§ EXERCISE DIRECTIONS
Copy the records below exactly, starting at the line that contains "-元气寿司(金光华店)" and ending at the line that contains "La propuesta de"; leave out any pictures.

§ DATA PROVIDED

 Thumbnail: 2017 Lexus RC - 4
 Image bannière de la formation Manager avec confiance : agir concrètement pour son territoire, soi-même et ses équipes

...

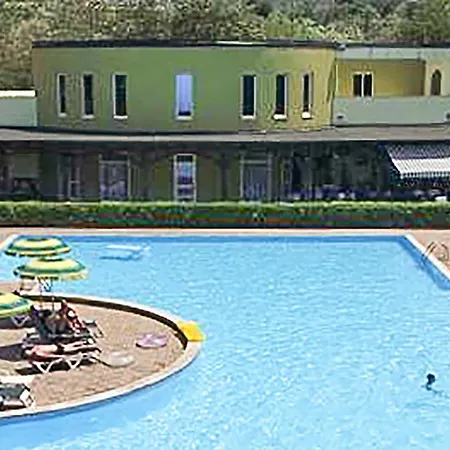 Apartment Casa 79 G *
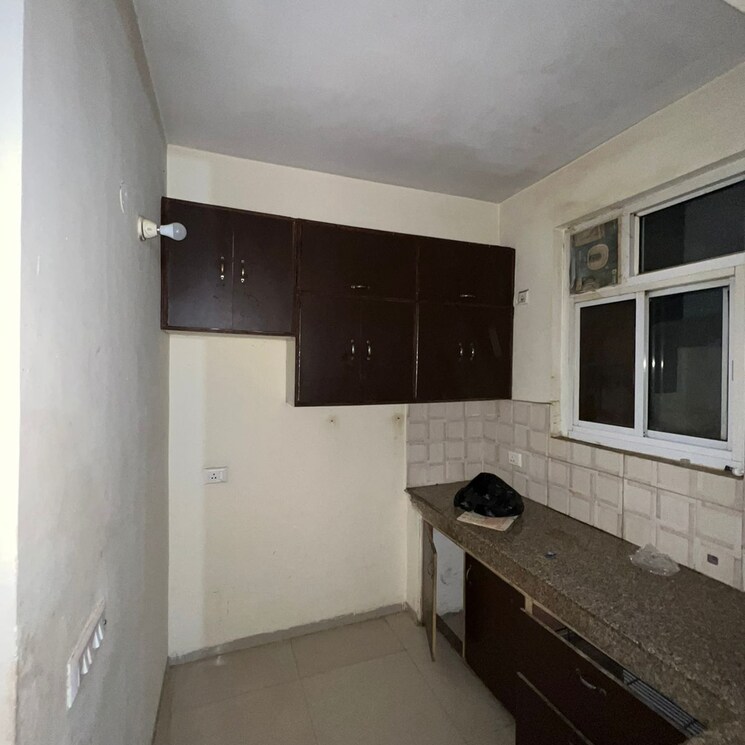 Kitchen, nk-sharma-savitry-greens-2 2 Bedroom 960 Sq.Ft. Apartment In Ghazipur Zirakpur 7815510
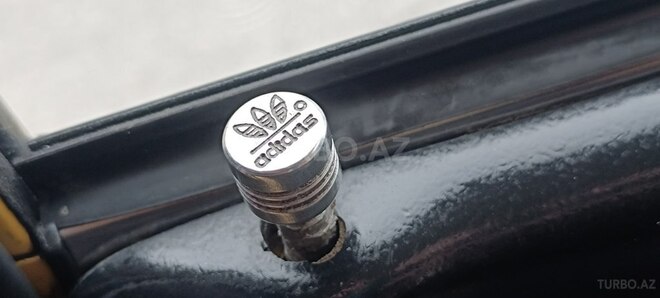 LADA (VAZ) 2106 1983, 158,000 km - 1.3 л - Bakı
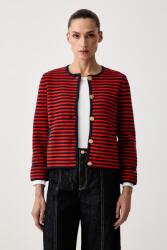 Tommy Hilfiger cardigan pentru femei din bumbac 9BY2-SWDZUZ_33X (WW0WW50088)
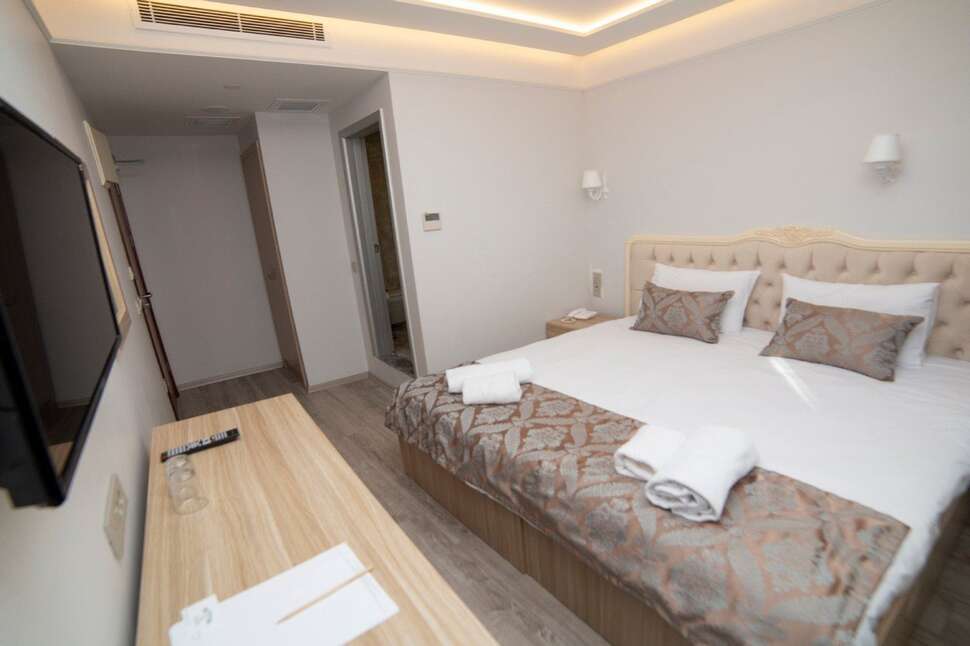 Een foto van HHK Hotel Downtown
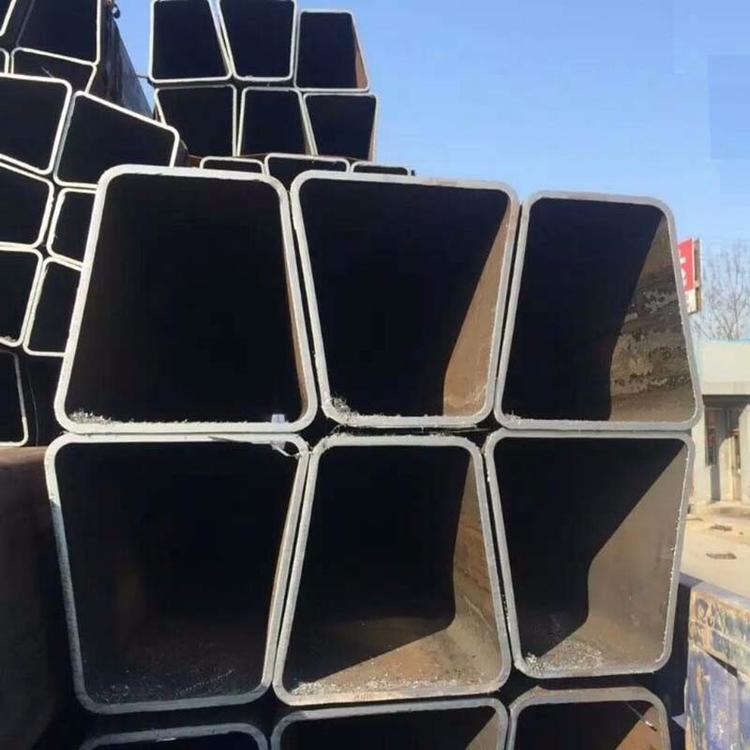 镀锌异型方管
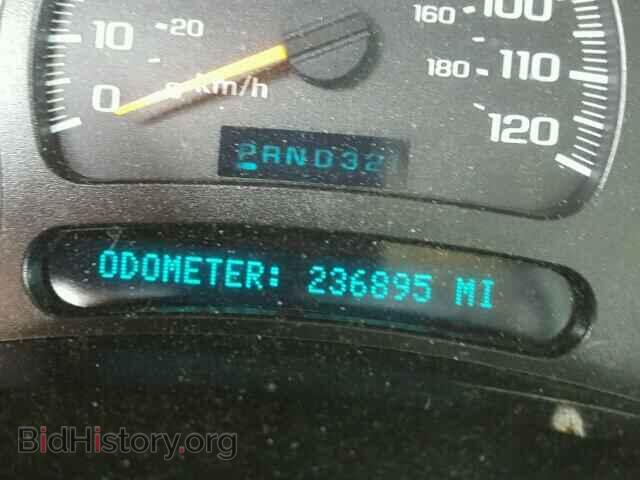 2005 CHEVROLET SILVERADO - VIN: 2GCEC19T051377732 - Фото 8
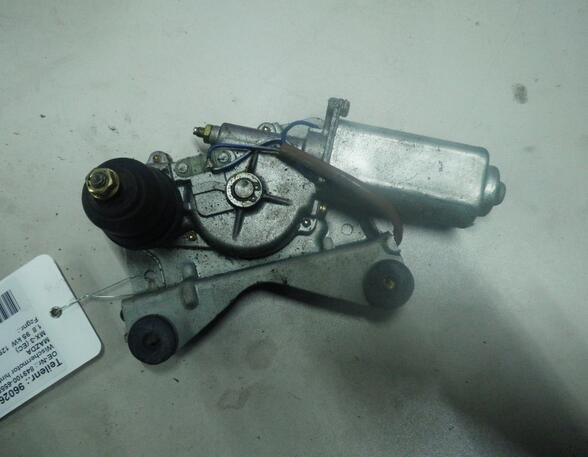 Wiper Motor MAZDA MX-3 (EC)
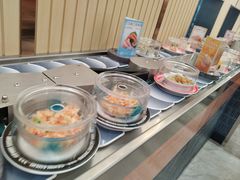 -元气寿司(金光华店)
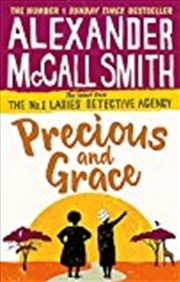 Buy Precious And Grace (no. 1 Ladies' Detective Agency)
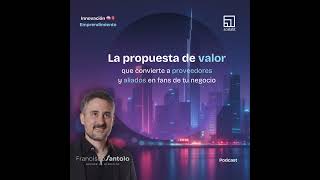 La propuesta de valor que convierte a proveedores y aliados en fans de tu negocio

§ WRITTEN RESPONSE
 -元气寿司(金光华店)
 Buy Precious And Grace (no. 1 Ladies' Detective Agency)
 La propuesta de valor que convierte a proveedores y aliados en fans de tu negocio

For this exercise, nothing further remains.